### ACTION ITEM
Transcribe, starting at the line with "3フォトコラージュモダンボタニカルシーズンの挨拶 シーズンカード (スタンド正面)" and ending at the line with "CapSol (front left)", every line of the material below exactly, but leave out the pictures and anything outside that span.

### EXCERPTED RECORDS
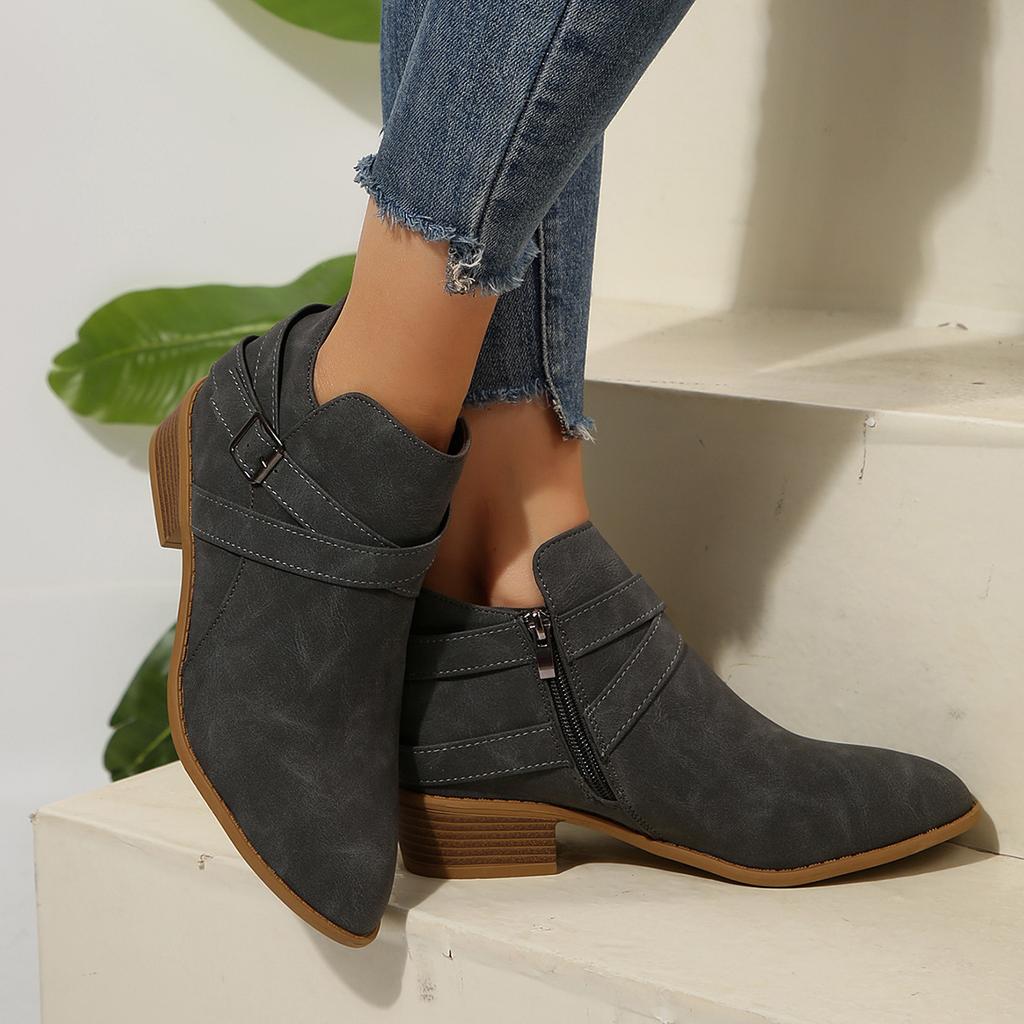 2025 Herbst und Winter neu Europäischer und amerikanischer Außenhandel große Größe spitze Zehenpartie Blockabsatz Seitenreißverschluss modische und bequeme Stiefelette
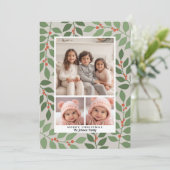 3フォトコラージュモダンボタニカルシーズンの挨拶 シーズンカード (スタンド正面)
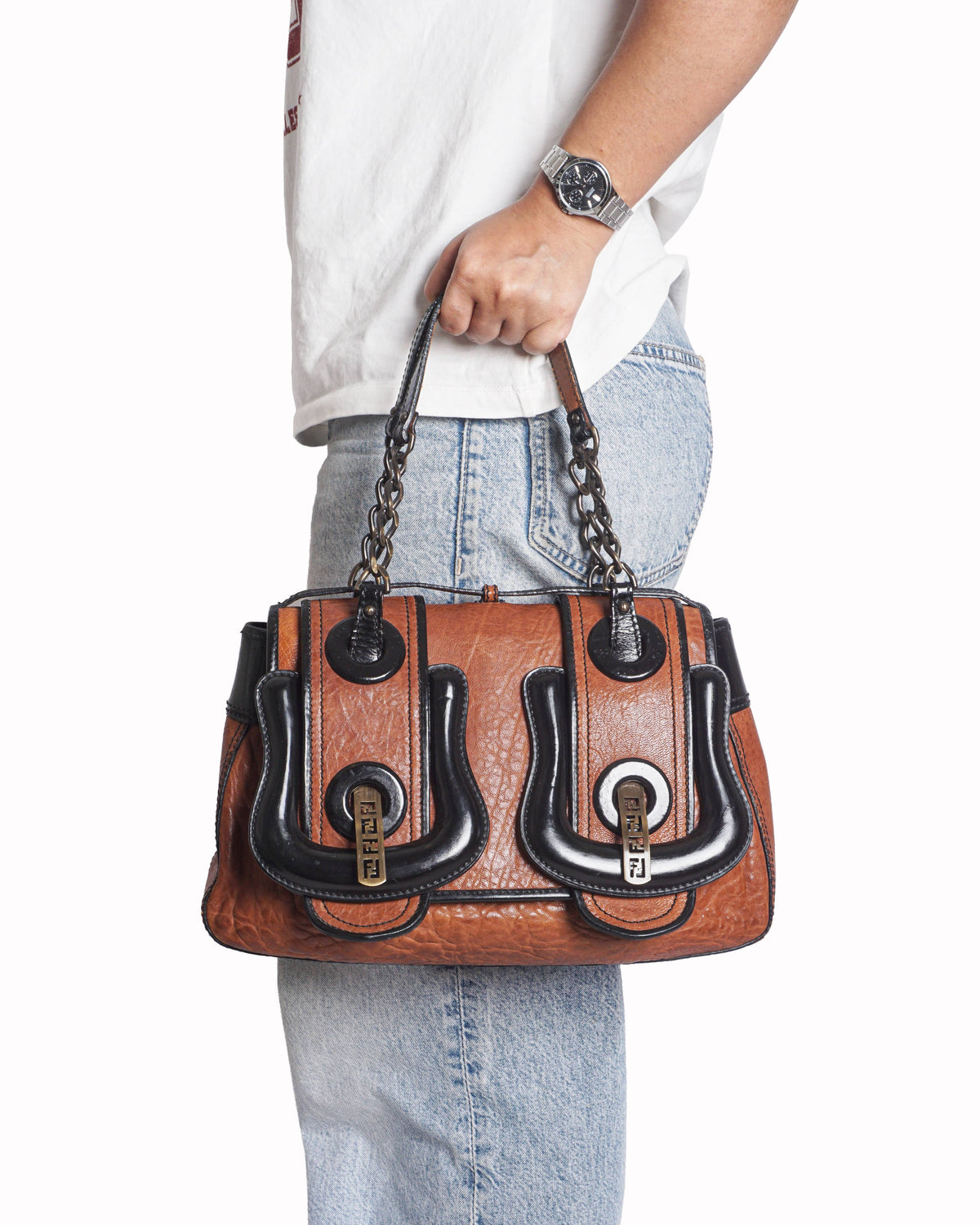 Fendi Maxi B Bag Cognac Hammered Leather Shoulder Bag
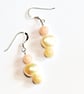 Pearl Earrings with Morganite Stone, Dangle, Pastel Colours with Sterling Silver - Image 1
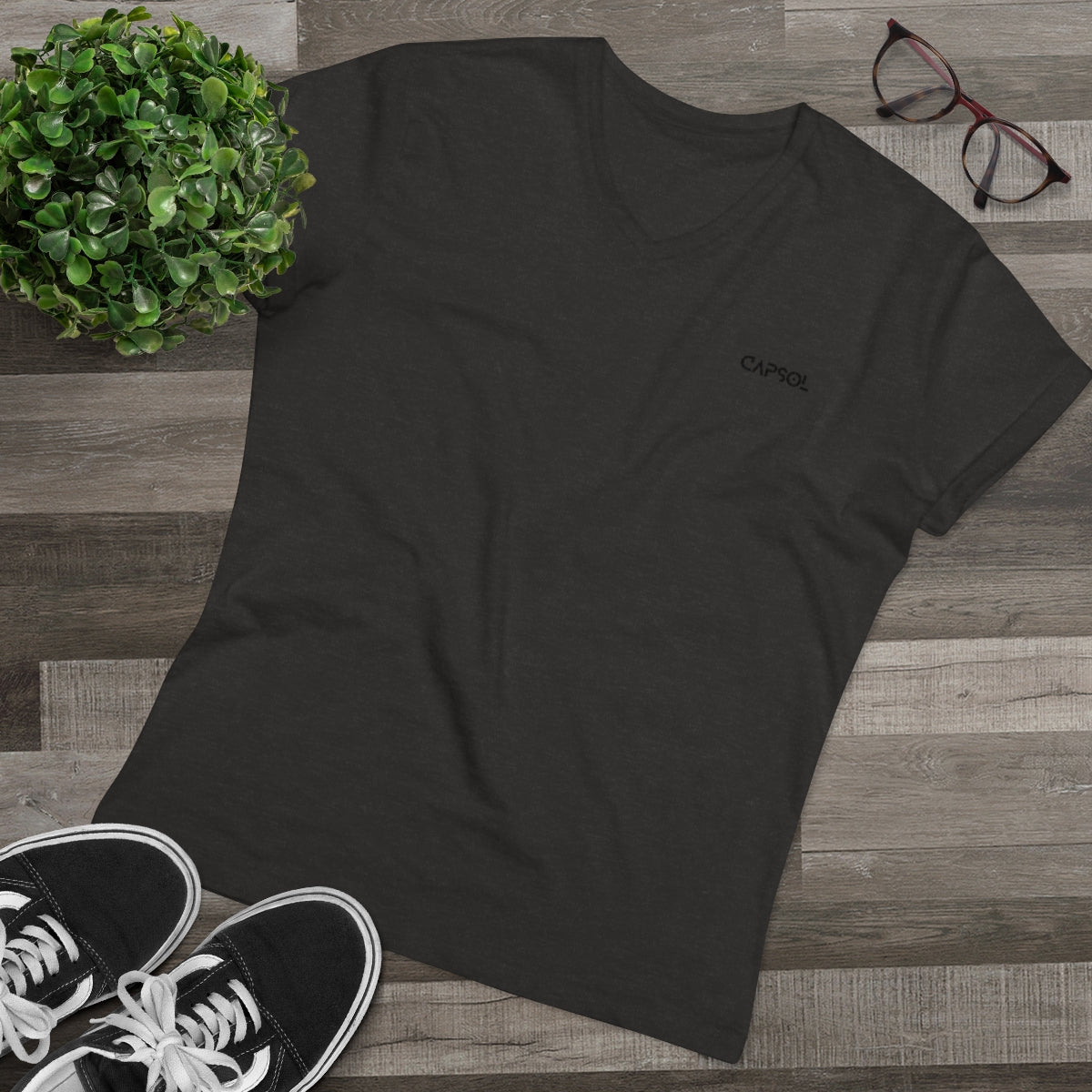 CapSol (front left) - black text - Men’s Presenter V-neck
---
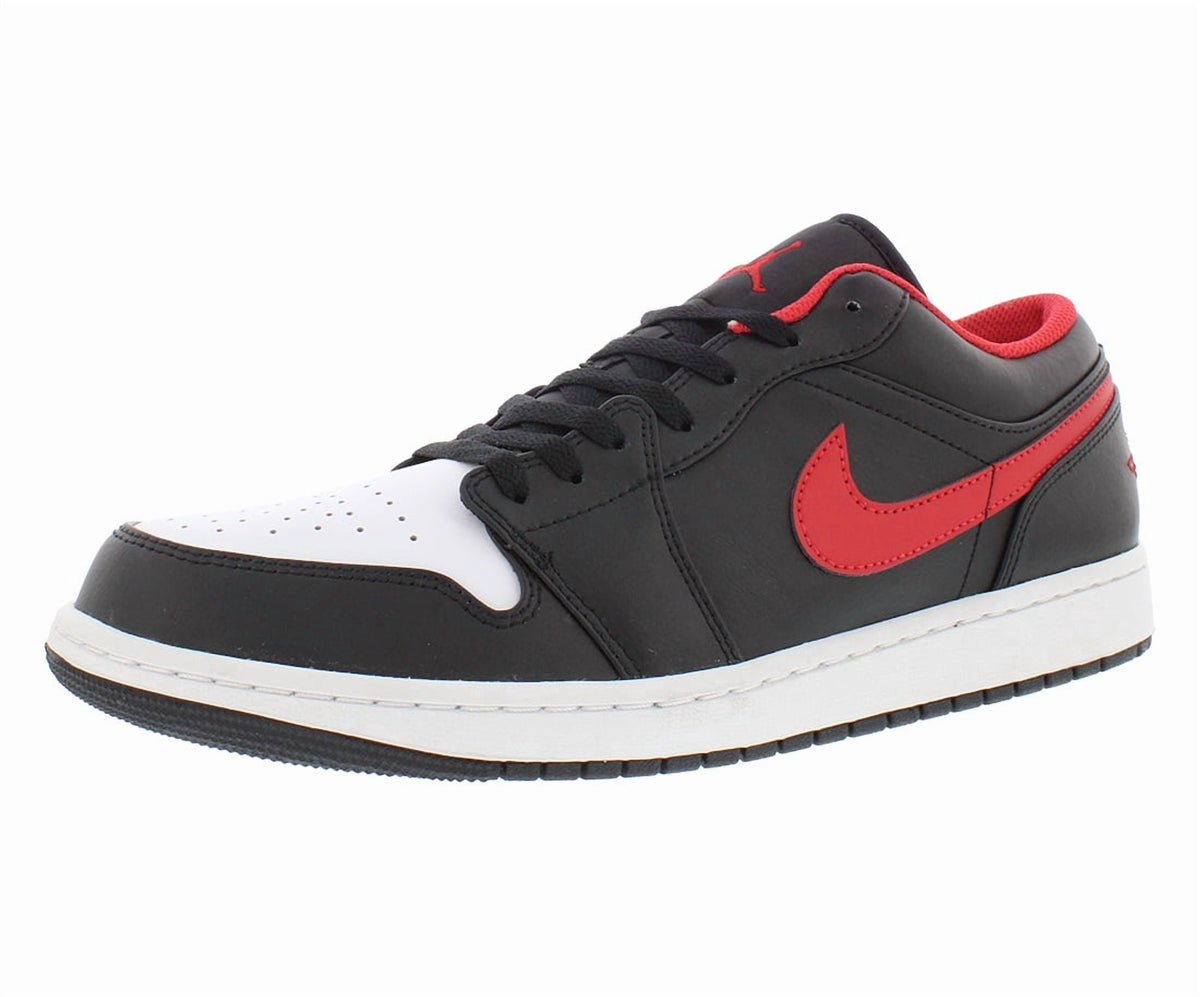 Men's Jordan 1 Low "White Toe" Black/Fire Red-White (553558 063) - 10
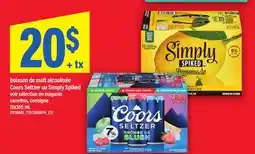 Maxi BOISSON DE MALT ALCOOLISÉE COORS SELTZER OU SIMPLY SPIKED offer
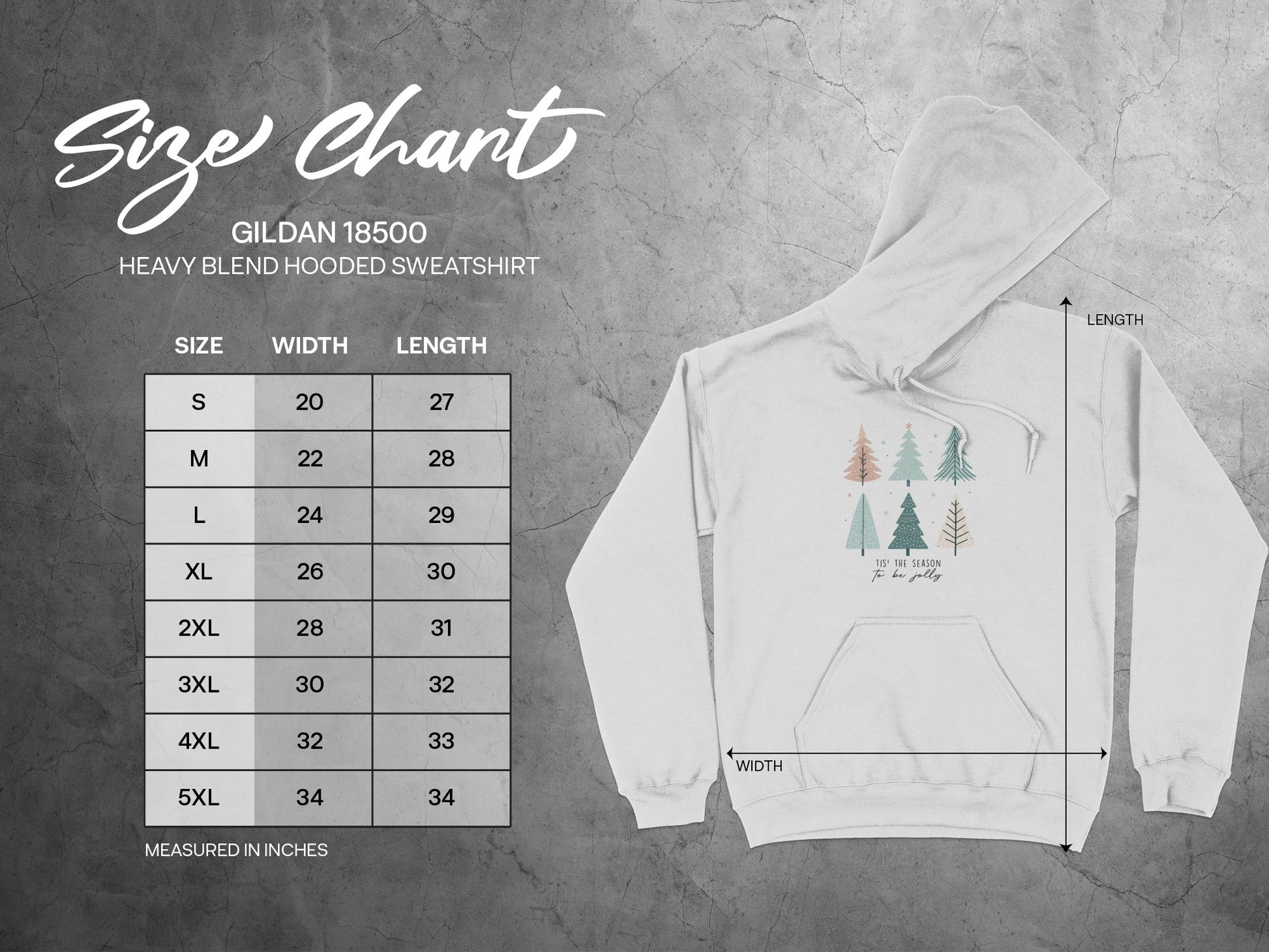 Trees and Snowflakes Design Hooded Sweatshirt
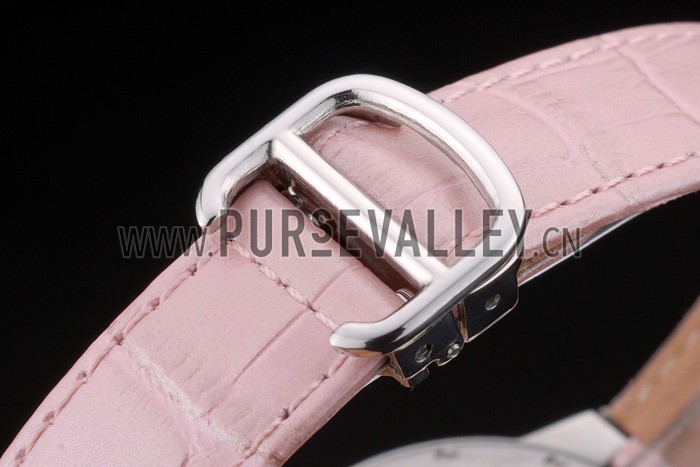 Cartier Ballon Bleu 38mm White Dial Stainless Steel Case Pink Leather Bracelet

### ANSWER BELOW
 3フォトコラージュモダンボタニカルシーズンの挨拶 シーズンカード (スタンド正面)
 Fendi Maxi B Bag Cognac Hammered Leather Shoulder Bag
 Pearl Earrings with Morganite Stone, Dangle, Pastel Colours with Sterling Silver - Image 1
 CapSol (front left) - black text - Men’s Presenter V-neck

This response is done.